Genel Meclis’in çalışmaya başlamasından kısa bir süre sonra 23 Nisan 1877’de Rusya, Osmanlı Devleti’ne savaş açtı. Savaş sırasında, millet temsilcilerinin hükümeti eleştirmeleri ve sert çıkışları karşısında, Heyet-i Mebusan 28 Haziran 1877’de padişahça dağıtıldı. Ardından yapılan seçimler sonucu 13 Aralık 1877’de, Türk tarihinin ikinci millet temsilcileri meclisi toplandı. Ancak, Rus savaşının kötü bir şekilde gelişmesi üzerine, bu yeni Meclis de 14 Şubat 1878’de padişah tarafından tekrar dağıtıldı. Dönemin padişahı olan II. Abdülhamit 1878’den 1908 yılına kadar Meclis’i toplamadan ülkeyi idare etti. 1908 yılı başlarında giderek artan dış gelişmeler ve son derece şiddetlenen aydınlar muhalefeti nedeniyle, Meclis-i Umumi’yi 23 Temmuz 1908’de toplantıya çağırmak zorunda kaldı.

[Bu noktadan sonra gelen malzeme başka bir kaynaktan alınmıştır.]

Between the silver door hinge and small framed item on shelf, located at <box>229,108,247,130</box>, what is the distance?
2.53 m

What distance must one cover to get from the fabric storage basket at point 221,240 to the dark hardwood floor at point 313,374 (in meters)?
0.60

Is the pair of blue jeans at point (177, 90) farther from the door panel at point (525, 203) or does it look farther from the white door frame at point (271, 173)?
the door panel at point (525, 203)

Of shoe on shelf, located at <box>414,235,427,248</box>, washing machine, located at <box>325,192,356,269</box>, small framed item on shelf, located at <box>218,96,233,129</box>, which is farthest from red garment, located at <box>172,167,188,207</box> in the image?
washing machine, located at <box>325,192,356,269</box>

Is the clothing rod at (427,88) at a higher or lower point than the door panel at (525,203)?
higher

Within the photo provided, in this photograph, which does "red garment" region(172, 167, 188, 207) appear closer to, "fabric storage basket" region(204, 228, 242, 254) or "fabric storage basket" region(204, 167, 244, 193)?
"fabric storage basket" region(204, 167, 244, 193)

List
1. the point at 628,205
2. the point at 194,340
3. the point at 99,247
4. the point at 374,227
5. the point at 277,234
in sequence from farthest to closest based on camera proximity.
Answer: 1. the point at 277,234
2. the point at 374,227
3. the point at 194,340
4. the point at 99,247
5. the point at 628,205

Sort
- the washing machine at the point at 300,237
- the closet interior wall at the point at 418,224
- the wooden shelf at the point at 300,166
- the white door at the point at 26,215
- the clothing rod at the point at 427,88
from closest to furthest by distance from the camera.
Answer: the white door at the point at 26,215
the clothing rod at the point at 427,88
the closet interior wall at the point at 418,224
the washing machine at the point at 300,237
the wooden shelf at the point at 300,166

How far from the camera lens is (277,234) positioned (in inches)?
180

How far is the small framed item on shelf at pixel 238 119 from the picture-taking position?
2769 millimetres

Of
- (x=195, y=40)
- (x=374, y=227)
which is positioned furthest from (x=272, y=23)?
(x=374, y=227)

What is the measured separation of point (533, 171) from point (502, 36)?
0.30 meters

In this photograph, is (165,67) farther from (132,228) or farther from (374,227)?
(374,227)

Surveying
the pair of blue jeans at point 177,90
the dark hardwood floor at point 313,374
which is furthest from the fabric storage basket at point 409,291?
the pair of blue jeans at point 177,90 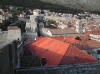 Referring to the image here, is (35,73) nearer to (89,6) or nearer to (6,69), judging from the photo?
(6,69)

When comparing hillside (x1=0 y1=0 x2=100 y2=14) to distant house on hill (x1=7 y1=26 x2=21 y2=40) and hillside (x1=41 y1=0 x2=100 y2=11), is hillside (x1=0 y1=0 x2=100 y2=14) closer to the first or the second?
hillside (x1=41 y1=0 x2=100 y2=11)

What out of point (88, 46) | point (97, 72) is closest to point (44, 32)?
point (88, 46)

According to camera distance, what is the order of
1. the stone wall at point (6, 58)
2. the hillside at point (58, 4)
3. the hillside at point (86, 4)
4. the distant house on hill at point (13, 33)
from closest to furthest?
the stone wall at point (6, 58) → the distant house on hill at point (13, 33) → the hillside at point (58, 4) → the hillside at point (86, 4)

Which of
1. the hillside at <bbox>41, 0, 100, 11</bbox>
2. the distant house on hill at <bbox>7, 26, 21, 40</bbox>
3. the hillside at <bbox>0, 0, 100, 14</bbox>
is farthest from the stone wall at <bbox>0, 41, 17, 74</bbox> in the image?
the hillside at <bbox>41, 0, 100, 11</bbox>

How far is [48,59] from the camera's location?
1764cm

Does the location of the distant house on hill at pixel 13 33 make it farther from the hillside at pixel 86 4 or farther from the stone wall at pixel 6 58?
the hillside at pixel 86 4

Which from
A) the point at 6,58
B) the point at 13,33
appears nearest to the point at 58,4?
the point at 13,33

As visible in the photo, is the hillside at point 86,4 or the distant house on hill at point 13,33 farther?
the hillside at point 86,4

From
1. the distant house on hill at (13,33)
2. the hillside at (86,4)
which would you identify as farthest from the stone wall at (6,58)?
the hillside at (86,4)

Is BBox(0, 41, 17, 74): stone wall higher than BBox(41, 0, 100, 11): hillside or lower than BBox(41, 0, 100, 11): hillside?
higher

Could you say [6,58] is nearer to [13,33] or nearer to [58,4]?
[13,33]

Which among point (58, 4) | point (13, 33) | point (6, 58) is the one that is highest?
point (6, 58)

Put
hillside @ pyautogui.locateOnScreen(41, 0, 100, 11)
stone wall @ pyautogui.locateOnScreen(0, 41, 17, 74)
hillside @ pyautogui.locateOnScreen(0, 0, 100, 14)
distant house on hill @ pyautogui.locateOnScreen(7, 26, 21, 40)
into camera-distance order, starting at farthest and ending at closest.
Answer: hillside @ pyautogui.locateOnScreen(41, 0, 100, 11) < hillside @ pyautogui.locateOnScreen(0, 0, 100, 14) < distant house on hill @ pyautogui.locateOnScreen(7, 26, 21, 40) < stone wall @ pyautogui.locateOnScreen(0, 41, 17, 74)

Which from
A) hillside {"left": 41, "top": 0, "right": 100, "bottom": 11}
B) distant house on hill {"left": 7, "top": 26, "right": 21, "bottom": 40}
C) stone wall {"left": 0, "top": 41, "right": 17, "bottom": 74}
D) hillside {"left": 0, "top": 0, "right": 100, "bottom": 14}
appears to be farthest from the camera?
hillside {"left": 41, "top": 0, "right": 100, "bottom": 11} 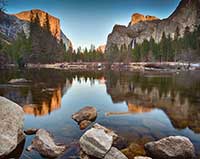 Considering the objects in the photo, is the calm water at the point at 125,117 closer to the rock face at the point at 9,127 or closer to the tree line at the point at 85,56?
the rock face at the point at 9,127

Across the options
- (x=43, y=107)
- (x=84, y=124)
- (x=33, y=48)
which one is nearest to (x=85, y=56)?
(x=33, y=48)

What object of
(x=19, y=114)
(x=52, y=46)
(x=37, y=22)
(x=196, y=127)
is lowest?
(x=196, y=127)

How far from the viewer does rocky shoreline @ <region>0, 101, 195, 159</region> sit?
22.2 feet

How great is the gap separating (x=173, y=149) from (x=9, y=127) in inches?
238

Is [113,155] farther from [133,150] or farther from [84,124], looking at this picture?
[84,124]

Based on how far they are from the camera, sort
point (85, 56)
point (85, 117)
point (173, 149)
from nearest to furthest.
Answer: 1. point (173, 149)
2. point (85, 117)
3. point (85, 56)

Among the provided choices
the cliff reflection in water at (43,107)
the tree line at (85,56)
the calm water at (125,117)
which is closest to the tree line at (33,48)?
the tree line at (85,56)

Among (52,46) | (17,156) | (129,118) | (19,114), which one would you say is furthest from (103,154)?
(52,46)

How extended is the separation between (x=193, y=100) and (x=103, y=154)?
1340 centimetres

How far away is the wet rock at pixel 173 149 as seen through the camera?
7176 mm

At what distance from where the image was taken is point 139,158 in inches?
253

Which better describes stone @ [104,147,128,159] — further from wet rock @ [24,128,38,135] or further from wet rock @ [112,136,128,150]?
wet rock @ [24,128,38,135]

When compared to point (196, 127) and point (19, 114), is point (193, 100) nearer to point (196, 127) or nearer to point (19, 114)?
point (196, 127)

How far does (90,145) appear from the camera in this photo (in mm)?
Result: 6809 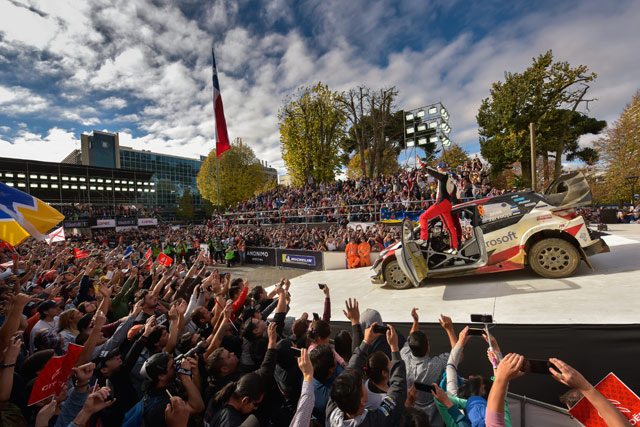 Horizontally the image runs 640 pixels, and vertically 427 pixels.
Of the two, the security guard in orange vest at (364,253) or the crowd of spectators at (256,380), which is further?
the security guard in orange vest at (364,253)

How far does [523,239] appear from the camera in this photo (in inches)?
213

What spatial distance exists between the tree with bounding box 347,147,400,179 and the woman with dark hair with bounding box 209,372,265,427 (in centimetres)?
3116

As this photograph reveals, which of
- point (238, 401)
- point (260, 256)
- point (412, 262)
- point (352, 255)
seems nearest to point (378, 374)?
point (238, 401)

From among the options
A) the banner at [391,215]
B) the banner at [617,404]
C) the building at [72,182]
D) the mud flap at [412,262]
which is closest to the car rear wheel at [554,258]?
the mud flap at [412,262]

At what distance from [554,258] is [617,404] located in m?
4.65

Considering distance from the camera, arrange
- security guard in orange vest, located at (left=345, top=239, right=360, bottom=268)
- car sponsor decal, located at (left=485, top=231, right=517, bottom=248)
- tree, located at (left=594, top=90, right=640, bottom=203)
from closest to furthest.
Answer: car sponsor decal, located at (left=485, top=231, right=517, bottom=248) < security guard in orange vest, located at (left=345, top=239, right=360, bottom=268) < tree, located at (left=594, top=90, right=640, bottom=203)

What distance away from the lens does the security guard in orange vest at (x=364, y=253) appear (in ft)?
36.3

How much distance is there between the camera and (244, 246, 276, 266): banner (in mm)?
15062

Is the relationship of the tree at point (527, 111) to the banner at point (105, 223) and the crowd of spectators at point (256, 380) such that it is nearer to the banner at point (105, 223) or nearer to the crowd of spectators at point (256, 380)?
the crowd of spectators at point (256, 380)

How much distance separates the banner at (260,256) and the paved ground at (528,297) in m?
7.88

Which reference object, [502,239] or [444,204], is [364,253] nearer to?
[444,204]

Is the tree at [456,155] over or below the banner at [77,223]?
over

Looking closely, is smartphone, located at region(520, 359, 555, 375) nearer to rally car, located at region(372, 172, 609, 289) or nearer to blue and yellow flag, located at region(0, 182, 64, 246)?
rally car, located at region(372, 172, 609, 289)

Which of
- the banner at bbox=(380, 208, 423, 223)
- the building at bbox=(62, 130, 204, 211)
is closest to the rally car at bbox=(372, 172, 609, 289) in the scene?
the banner at bbox=(380, 208, 423, 223)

Böylece, II. Meşrutiyet dönemi başlamış oldu. Aynı zamanda Anayasanın yeniden uygulamaya konduğu bu dönem, Türk siyasi hayatında “Özgürlükçüler Partisi” (Ahrar Fırkası) dönemi olarak da anılmaktadır. Anayasa, 1909, 1912, 1914, 1916 yıllarında sekiz kez değiştirildi. Bu yolla 1876 Anayasasının yapısı çoğu kez önemli değişikliklere uğradı. İttihat ve Terakki Partisi’nin katıldığı seçimlerde çoğunluğu sağladı ve seçimleri kazandı. İttihat ve Terakki 4 Aralık 1908’de 3. Meclis-i Mebusan’ı açtı. Bu parlamento, 31 Mart Olayı ve II. Abdülhamit’in tahttan indirilmesi sonrasında Mayıs 1909’da Anayasa üzerinde değişiklik yaparak padişahın ve Ayan Meclisi’nin yetkilerini daralttı, kendi yetkilerini arttırdı. Değişiklikler sonucunda, padişahın zararlı faaliyetleri iddiasıyla vatandaşları yurtdışına sürgün etme hakkı kaldırıldı. Basın özgürlüğü genişletildi ve sansür yasağı kaldırıldı.

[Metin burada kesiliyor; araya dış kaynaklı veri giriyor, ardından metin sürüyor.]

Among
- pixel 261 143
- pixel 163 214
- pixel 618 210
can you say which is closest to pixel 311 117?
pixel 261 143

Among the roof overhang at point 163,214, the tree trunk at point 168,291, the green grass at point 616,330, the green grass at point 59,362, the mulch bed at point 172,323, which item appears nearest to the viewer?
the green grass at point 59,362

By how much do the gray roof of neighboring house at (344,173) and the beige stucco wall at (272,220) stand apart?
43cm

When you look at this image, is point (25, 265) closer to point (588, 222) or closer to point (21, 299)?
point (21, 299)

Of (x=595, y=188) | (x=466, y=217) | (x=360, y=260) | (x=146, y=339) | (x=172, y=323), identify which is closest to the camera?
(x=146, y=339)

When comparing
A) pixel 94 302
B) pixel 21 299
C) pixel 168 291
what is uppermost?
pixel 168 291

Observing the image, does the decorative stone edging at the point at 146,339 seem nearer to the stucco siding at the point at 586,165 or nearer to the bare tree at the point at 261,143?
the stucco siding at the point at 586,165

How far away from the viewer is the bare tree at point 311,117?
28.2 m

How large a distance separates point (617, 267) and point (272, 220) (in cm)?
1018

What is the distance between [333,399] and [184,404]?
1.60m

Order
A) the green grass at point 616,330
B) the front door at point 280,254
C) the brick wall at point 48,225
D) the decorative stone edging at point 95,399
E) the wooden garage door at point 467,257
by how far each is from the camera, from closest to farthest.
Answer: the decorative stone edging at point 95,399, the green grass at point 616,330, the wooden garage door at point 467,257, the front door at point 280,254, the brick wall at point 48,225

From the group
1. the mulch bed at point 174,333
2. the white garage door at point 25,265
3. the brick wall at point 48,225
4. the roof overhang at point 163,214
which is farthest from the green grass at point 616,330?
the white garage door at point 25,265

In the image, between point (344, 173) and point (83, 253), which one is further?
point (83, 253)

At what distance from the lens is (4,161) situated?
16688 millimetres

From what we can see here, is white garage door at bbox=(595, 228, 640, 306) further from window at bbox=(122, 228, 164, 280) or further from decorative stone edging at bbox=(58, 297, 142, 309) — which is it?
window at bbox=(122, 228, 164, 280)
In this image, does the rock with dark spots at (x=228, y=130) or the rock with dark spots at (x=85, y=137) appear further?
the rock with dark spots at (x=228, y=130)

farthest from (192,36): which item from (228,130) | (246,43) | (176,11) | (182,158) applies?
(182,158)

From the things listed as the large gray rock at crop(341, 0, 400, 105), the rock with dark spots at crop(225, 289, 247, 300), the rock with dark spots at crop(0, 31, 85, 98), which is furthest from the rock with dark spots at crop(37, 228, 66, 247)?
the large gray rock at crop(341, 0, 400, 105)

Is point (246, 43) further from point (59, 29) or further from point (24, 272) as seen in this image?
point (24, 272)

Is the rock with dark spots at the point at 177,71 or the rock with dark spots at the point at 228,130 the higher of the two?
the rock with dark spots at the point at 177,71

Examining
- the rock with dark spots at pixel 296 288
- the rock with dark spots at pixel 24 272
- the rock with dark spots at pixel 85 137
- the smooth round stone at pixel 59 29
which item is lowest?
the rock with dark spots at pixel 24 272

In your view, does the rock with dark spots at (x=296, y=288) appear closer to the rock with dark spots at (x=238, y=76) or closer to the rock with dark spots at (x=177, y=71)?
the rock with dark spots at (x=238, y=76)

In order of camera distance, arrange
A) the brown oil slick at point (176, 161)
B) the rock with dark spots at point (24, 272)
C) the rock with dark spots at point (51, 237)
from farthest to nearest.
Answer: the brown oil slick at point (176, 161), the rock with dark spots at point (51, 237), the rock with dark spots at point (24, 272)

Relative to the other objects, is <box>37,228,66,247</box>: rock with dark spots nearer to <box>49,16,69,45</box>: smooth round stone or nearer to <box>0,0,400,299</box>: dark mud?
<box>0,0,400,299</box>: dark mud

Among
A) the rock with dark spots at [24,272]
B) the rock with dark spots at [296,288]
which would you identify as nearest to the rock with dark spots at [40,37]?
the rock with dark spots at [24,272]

Vatandaşlara toplantı ve dernek kurma özgürlükleri tanındı. Artık siyasi partiler de kurulabilecekti. Ayrıca, hükümet Meclis’e karşı sorumlu tutulmuştu. Padişahın dilediği zaman Meclis’i dağıtması hükmü sıkı kayıtlar altına alındı. Gensoru kurumu yerleşti. Padişahın yasama yetkisine belli sınırlar getirildi. Meclis üyelerine doğrudan doğruya kanun teklifi verme hakkı tanındı. Meclis Başkanını, padişah müdahalesi olmadan Meclisin seçmesi kabul edildi. Bir padişah tahta çıktığı zaman, Meclis-i Umumi önünde Anayasa hükümlerine uymaya ve millete sadakat yemini edecekti. 1909 yılında yapılan bu anayasal değişikliklerin getirdiği demokratik parlamenter sistem, iç ve dış olaylar nedeniyle uzun süre yaşayamadı. Yıpratıcı bir siyasal müdahale ortamına, 1911’deki Trablusgarp Savaşı ve Ekim 1912’de başlayan Balkan Savaşlarının acılı günleri de eklenince, 1914 ve 1916 yıllarında Anayasada yapılan değişikliklerle Meclis’i dağıtma yetkisi aşama aşama artırıldı. Ayrıca, en güçlü parti durumunda bulunan “İttihat ve Terakki”nin tek parti diktatörlüğü, demokratik gelişmenin önünü tıkayan önemli nedenlerden biri oldu. İttihat ve Terakki 23 Ocak 1913’teki Bab-ı Ali Baskını ile iktidarı ele geçirdi.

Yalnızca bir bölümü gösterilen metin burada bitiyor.